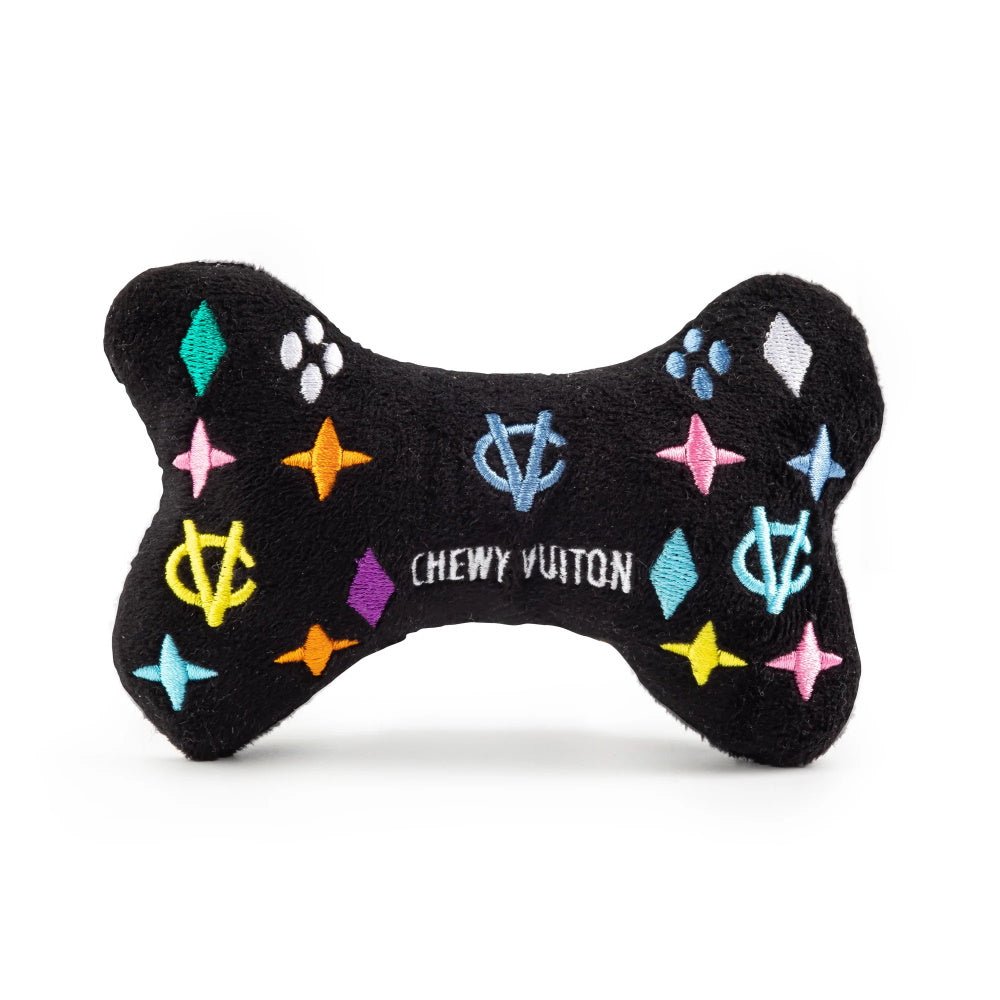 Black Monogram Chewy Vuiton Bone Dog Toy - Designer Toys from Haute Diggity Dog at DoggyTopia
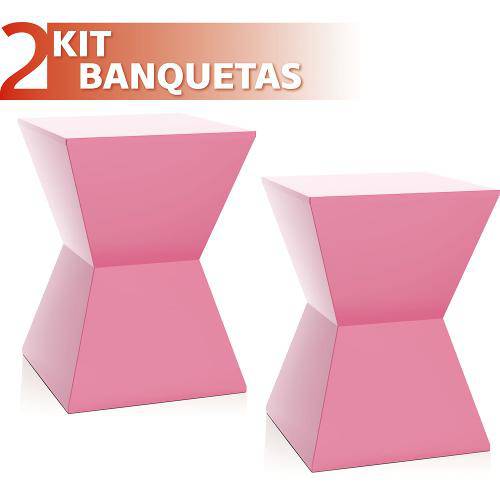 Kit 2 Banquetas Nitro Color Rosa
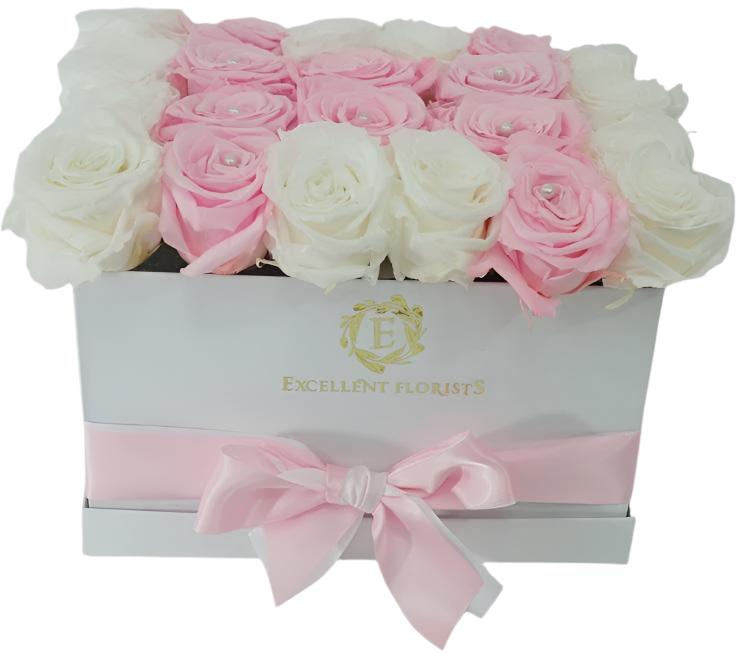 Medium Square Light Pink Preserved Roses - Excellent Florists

-------

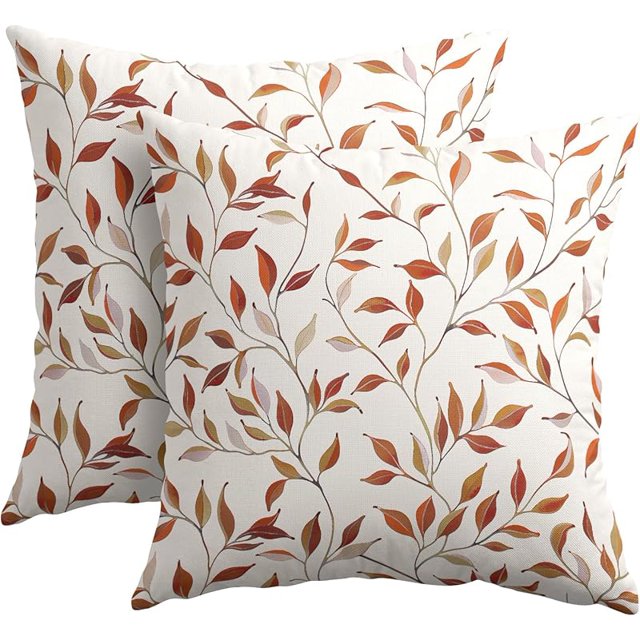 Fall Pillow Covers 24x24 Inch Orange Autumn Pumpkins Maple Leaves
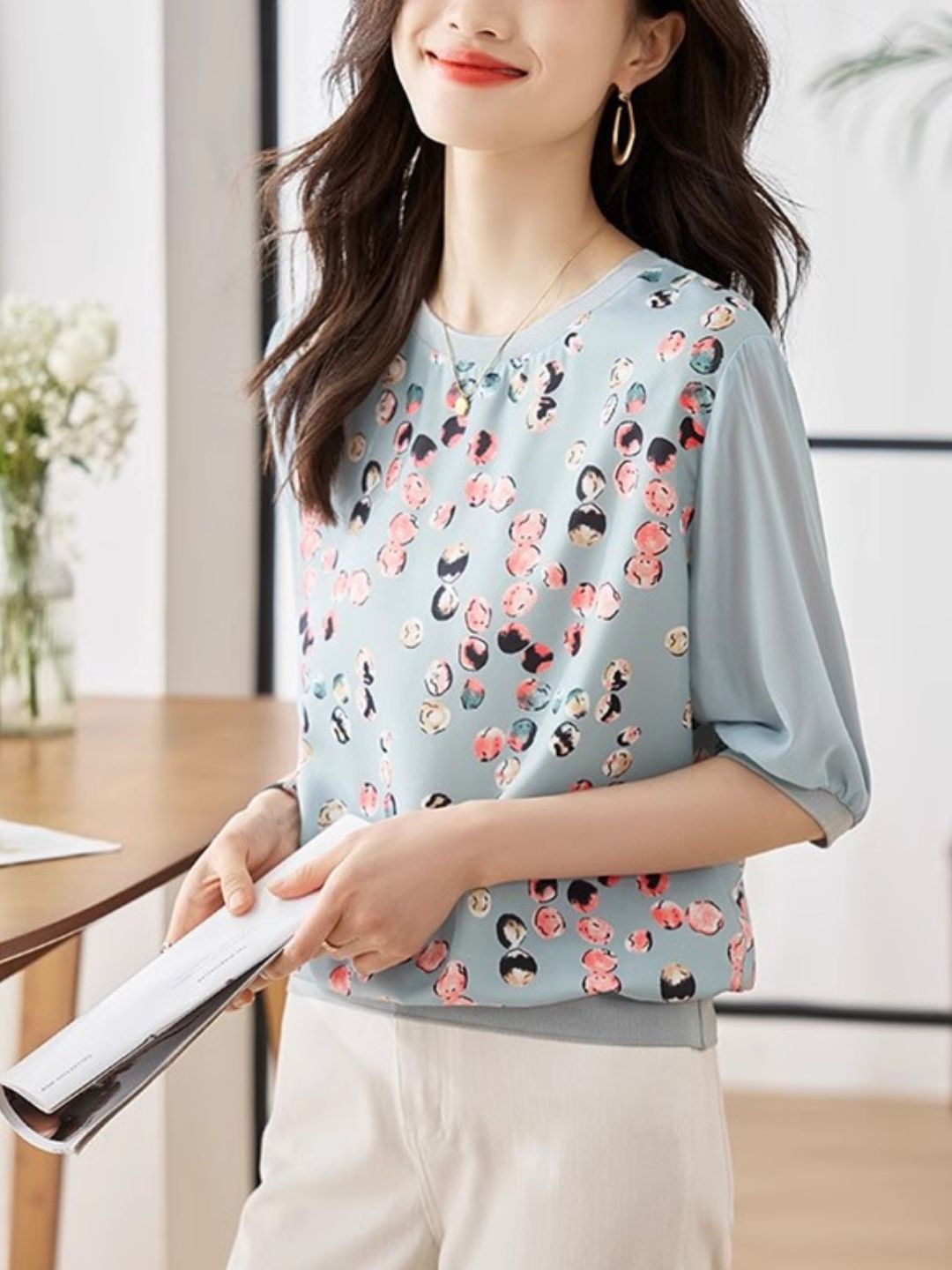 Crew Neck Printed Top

-------

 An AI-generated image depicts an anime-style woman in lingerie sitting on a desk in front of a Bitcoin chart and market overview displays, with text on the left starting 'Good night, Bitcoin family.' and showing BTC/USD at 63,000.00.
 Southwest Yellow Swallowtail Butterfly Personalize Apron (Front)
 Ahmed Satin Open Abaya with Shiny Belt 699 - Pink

-------

▸ TASK BRIEF
Retype only the lines above between the line with "An AI-generated image" and the line with "Ahmed Satin Open", counting those two lines as well, and keep every character as it is.

▸ ANSWER TO THIS TASK
 An AI-generated image depicts an anime-style woman in lingerie sitting on a desk in front of a Bitcoin chart and market overview displays, with text on the left starting 'Good night, Bitcoin family.' and showing BTC/USD at 63,000.00.
 Southwest Yellow Swallowtail Butterfly Personalize Apron (Front)
 Ahmed Satin Open Abaya with Shiny Belt 699 - Pink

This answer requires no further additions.